The US defence department's watchdog was told by the Global Coalition in July 2018 that there were between 15,000 and 17,000 IS militants in Iraq and between 13,000 and 14,000 in Syria. However, US commanders subsequently said they did not have a lot of confidence in those figures.
The SDF has captured about 1,000 foreign IS fighters. Hundreds of women and more than 2,500 children associated with foreign fighters are meanwhile living in camps for displaced people in SDF-controlled areas. There are also reported to be about 1000 foreign fighters in detention in Iraq.
The US has called for the repatriation of the SDF's captives for prosecution. But their home countries have raised concerns about bringing hardened IS members back and the challenges of gathering sufficient legal evidence to support prosecutions.
Up to 40,000 foreigners are estimated to have travelled to fight in Syria and Iraq in total.
The actual number of people still making the journey is unknown, but the flow has reduced significantly.
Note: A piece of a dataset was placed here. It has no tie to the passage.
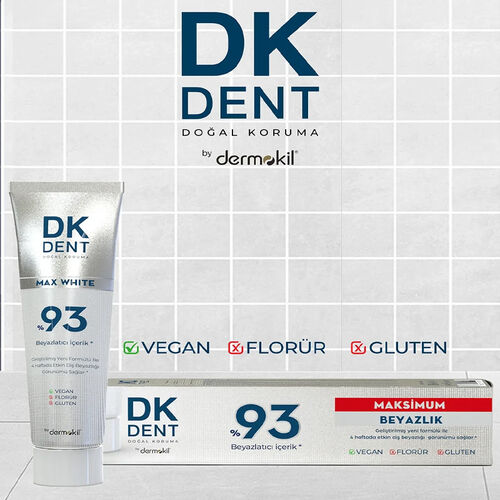 Dermokil DK Dent %93 Max Beyazlık Diş Macunu 75 ml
The Global Coalition estimated that it was "most likely 50 per month".
The net flow of foreign fighters away from Iraq and Syria is also said to be low. As of October 2017, more than 5,600 had returned to their home countries.
Meanwhile, there are significant numbers of IS-affiliated militants in Afghanistan, Egypt, Libya, South-East Asia and West Africa, and to a lesser extent in Somalia, Yemen, Sinai and the Sahel.
Individuals inspired by the group's ideology also continue to carry out attacks elsewhere.